- _What you have to do_:
When the string "white" appears in a line of the records, show the whole line.

Data to examine Start Marker

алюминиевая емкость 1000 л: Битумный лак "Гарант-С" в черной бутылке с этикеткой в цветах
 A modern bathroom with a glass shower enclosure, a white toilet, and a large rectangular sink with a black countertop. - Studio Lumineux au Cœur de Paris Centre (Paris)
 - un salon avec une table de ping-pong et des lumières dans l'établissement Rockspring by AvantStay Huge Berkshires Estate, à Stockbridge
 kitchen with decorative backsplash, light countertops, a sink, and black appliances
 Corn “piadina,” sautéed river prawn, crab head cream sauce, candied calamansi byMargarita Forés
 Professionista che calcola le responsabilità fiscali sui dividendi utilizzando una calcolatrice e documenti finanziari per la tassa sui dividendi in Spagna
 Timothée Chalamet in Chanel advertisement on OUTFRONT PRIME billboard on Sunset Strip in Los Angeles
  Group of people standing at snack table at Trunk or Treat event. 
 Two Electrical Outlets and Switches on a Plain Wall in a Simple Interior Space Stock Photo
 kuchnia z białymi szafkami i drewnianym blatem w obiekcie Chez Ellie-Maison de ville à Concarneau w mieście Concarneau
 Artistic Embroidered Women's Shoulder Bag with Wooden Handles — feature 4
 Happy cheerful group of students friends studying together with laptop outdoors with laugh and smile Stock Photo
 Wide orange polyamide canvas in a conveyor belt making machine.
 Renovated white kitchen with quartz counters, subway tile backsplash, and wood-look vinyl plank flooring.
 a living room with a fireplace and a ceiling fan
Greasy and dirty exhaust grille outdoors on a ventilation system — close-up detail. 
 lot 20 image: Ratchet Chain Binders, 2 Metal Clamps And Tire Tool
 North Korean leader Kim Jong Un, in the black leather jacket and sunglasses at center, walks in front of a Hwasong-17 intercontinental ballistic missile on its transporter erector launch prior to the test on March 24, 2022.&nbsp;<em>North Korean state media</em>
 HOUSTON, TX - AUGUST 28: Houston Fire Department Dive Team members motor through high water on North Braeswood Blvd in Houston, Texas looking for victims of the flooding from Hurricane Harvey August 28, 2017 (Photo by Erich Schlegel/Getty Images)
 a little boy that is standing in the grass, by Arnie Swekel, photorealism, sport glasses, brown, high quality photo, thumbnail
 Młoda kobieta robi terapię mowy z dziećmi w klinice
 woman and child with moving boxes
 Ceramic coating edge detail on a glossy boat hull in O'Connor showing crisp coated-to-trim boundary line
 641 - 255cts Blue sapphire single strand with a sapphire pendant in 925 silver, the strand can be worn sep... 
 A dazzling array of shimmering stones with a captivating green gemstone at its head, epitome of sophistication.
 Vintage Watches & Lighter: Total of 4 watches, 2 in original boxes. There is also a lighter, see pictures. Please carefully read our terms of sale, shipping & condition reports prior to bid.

Data to examine End Marker

- _Solution for this exercise_:
 A modern bathroom with a glass shower enclosure, a white toilet, and a large rectangular sink with a black countertop. - Studio Lumineux au Cœur de Paris Centre (Paris)
 Renovated white kitchen with quartz counters, subway tile backsplash, and wood-look vinyl plank flooring.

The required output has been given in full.